What the task requires - Begin with the line below holding "- Ảnh 1. Vụ" and go on through the line holding "78 , Blossom Way, Salford photo 5", duplicating each line exactly and leaving out pictures.

** Data to examine follows **

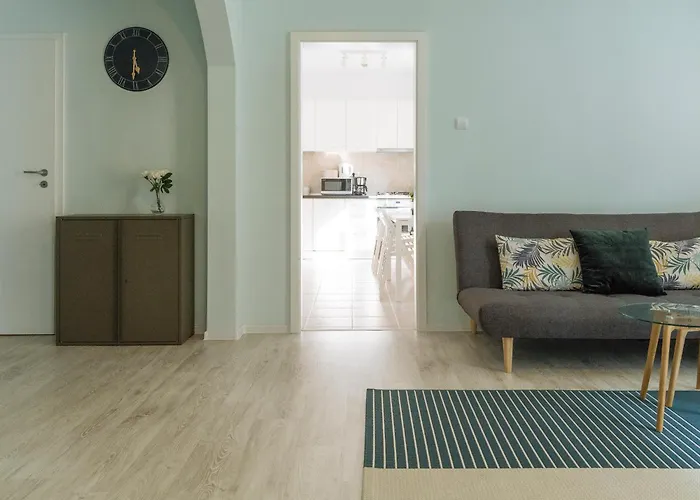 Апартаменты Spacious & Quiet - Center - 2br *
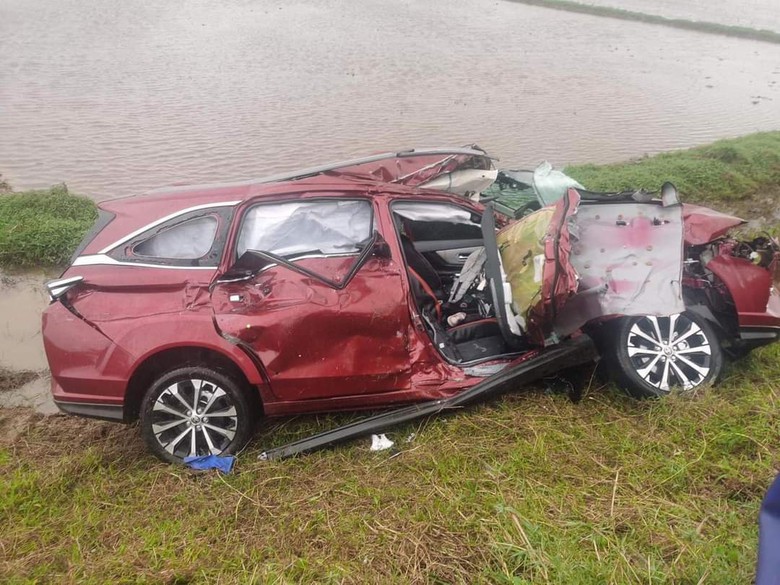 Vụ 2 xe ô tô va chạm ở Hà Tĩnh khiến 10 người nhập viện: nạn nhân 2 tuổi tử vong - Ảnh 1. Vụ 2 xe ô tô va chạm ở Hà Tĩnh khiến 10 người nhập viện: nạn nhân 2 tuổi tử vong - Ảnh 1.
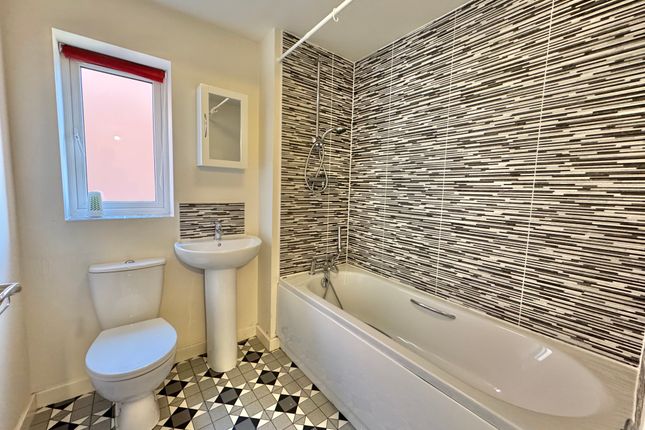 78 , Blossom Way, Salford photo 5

** End of Data to examine **
** Data to examine follows **

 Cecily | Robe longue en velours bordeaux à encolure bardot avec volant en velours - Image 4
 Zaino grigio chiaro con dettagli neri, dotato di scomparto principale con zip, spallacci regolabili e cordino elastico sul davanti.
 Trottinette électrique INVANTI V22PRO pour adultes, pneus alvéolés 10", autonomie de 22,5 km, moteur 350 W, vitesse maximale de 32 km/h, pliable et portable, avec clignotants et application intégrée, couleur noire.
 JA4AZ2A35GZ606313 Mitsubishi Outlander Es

** End of Data to examine **

Output below -
 Vụ 2 xe ô tô va chạm ở Hà Tĩnh khiến 10 người nhập viện: nạn nhân 2 tuổi tử vong - Ảnh 1. Vụ 2 xe ô tô va chạm ở Hà Tĩnh khiến 10 người nhập viện: nạn nhân 2 tuổi tử vong - Ảnh 1.
 78 , Blossom Way, Salford photo 5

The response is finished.